Ergenlikte zihinsel, bilişsel, psikolojik ve fizyolojik bir değişim yaşandığı için bu sürecin zorlayıcı olduğunu ifade eden Psikolog Meltem Arı Öztürk, çocuğun kendini tanımaya çalıştığını, “Ben kimim?, Ne olacağım?, Ne istiyorum?, Nelerden hoşlanıyorum?” gibi sorular sorarak kendini arayış içinde bulduğunu söyledi. Çocuğun duygusal olarak karmaşa yaşadığı bir dönem olduğunu belirten Öztürk, “Çocuk birgün çok mutlu olurken ertesi gün çok depresif olabilir. Bir anda heyecanlanabilir. Çocuk ailenin kendisi ile uyumlanmasını bekliyor. Diyor ki ben duygusal olarak çalkantılı bir dönemdeyim. Mutluysam bana uyumlan, mutsuzsam benim duygularımı anla. Beğenilme arzusu ve ben burdayımı gösterme çabası içinde oluyor. Diyor ki ben varım, benim düşüncelerim var. Beni görün. Çocuğa duygularını anlayan bir çerçeveden yaklaşmak gerekiyor. Çocuğun duygularını anladığımızda çocuk da duygularını reddetmek yerine kabullenmek yoluna gidiyor.” dedi.
“SINIRSIZLIK ÇOCUĞU RAHATSIZ EDER”
“Ergenlikte çocuğu duygusal olarak desteklemek ama sınır da koymak gerekiyor.” diyen Psikolog Öztürk, şöyle devam etti: “Bebek doğduğu andan itibaren düzen ve disiplin seviyor. Emeceği saatin belli olması gibi. Dolayısıyla da ergenlikte de sınır istiyor. Sınırsızlık çocuğu rahatsız ediyor. Ama bu sınırlılığın içinde özgürlük de olmalı. Denge kurmak lazım.” diyerek iletişim kurarken önem verilmesi gereken noktalara işaret etti.

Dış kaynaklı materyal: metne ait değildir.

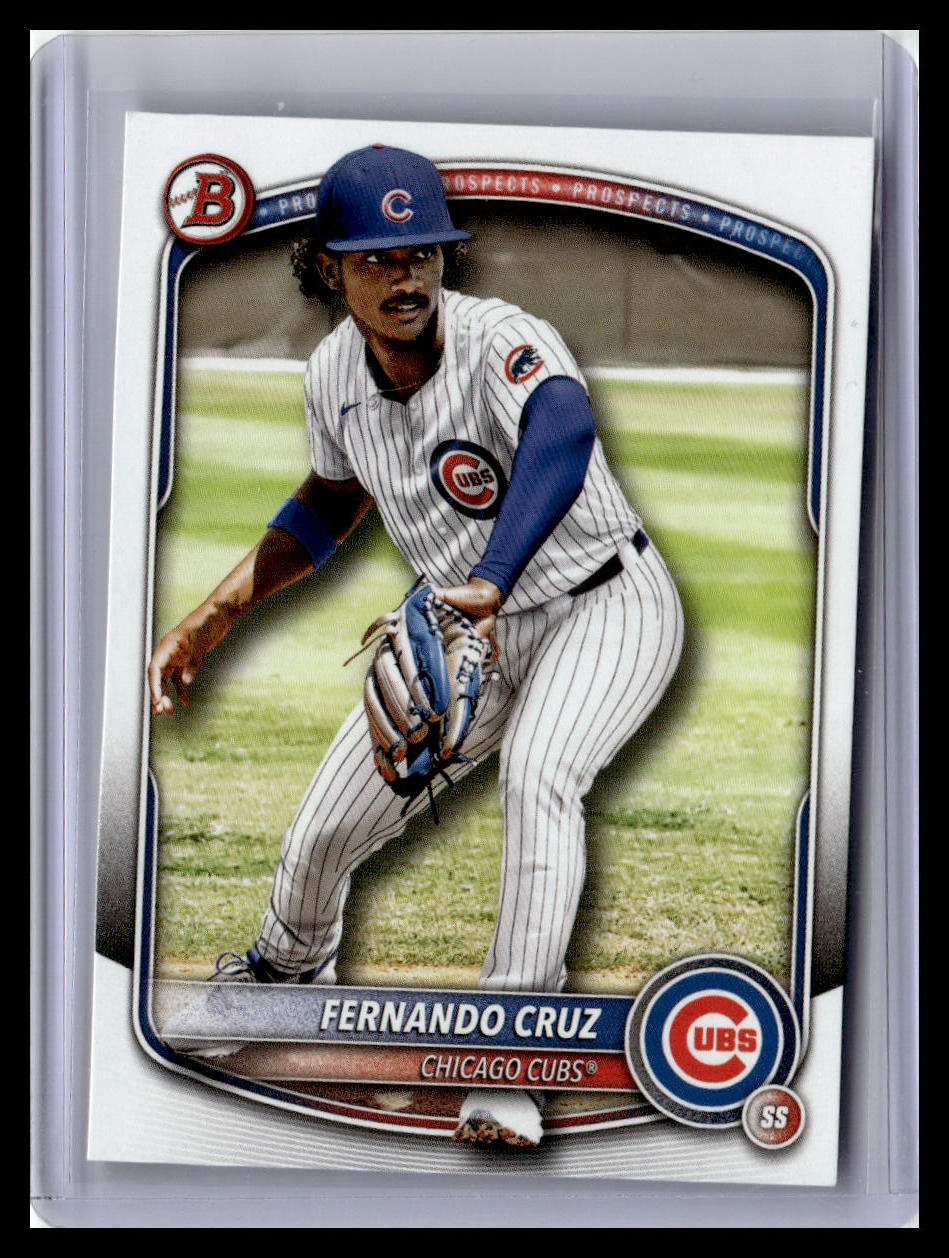 2025 Bowman #BP-110 Fernando Cruz Prospects
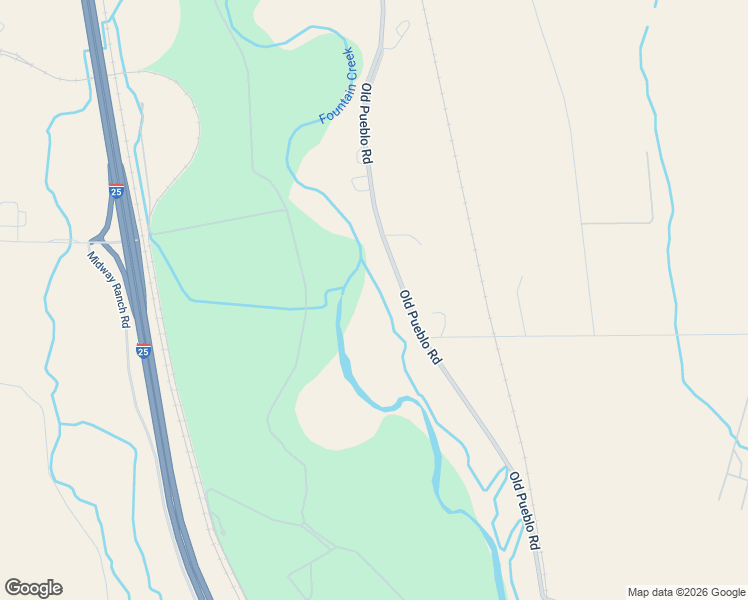 map of restaurants, bars, coffee shops, grocery stores, and more near 14250 Old Pueblo Road in Fountain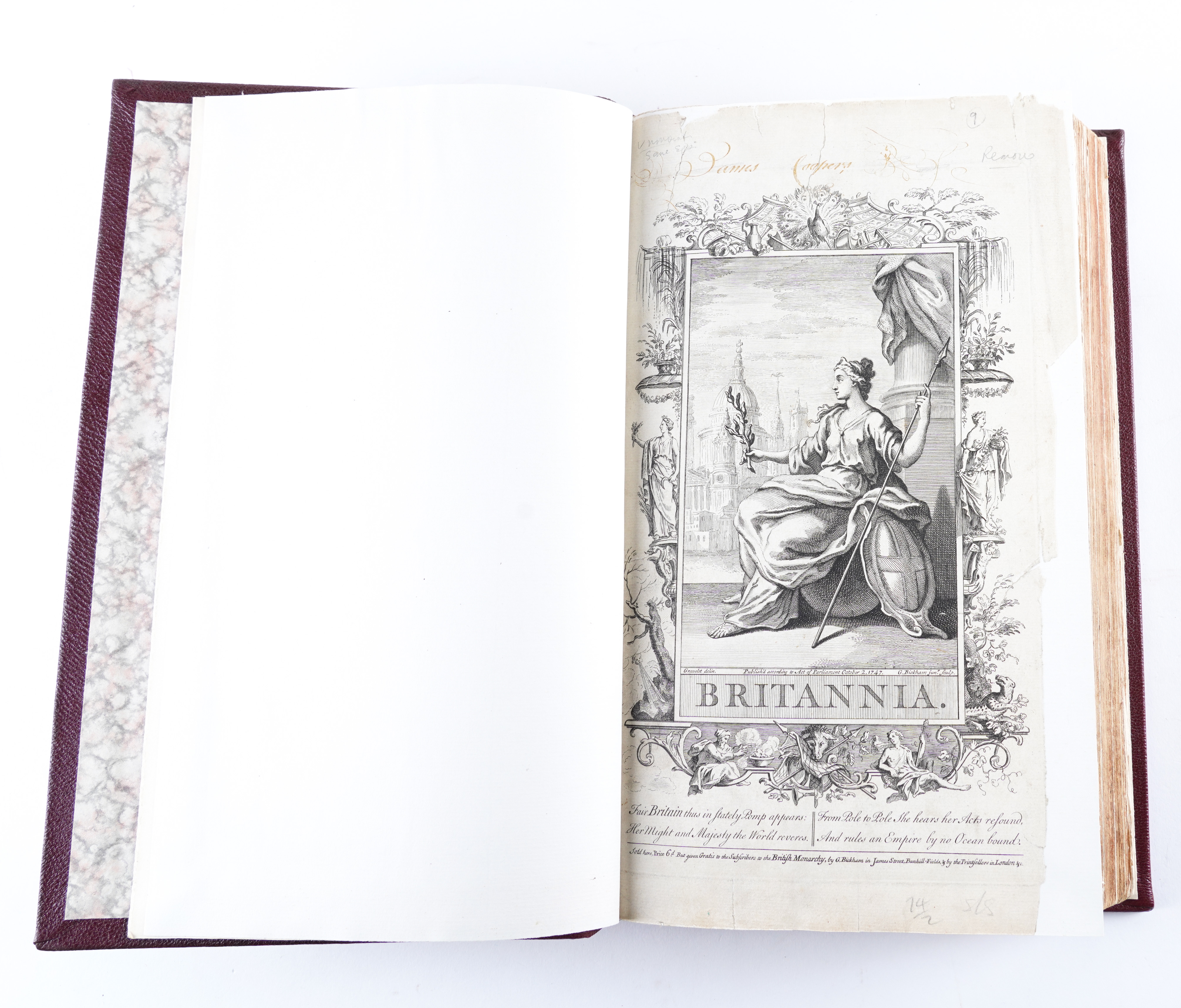 BICKHAM, George (d.1769). The British Monarchy, London, 1747-48, folio (205 x 180mm), 46... - Image 2 of 7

Anne ve babanın çocuğu ile oyun oynamasını ve vakit geçirmesini ama anne ve baba rolünü de kesinlikle bırakmaması gerektiğini söyleyen Öztürk, “Benim çocuğum ergen ben onunla arkadaş olmalıyım tavrı doğru bir tavır değil. Çünkü size arkadaşı gibi davranacak ve sürekli onay bekleyecek. Anne ve baba olarak çocuğun arkadaş seçimine fırsat vermekle birlikte kontrol de etmek gerekiyor. ‘Dışarı kiminle çıkıyorsun? Bu arkadaşın kim? Hadi gel bugün kahve içiyoruz o arkadaşını da davet edebilirsin.’ gibi bir diyalog kurulabilir. Bu sayede birlikte vakit geçireceksiniz ve arkadaşını tanıyacaksınız.” şeklinde konuştu.
“DEPRESYONA SEBEP OLUYOR”
Sosyal medyada gerçek olmayan bir dünya olduğunu dile getiren Meltem Arı Öztürk, sosyal medyanın tehlikeli tarafına şöyle dikkat çekti: “Herkes orada mutlu. Böyle bir algı var. Gerçek dünyadan kopuluyor. Hayattaki diğer şeylerden haz alınmamaya başlanıyor. Bu depresyona sebep oluyor. Gerçeklik durumunu çocuğun algılanmasına destek olmak gerekiyor. Sosyal medyayı sınırlandırmak gerekiyor.”
“BİR SON DEĞİL BAŞLANGIÇ”
Çocuklar ergenlik döneminde sınav stresi ile de baş etmek zorunda kalıyor. Eğitim Danışmanı Nazan Fettahoğlu da bu konu üzerinden yol gösterici bilgiler paylaştı.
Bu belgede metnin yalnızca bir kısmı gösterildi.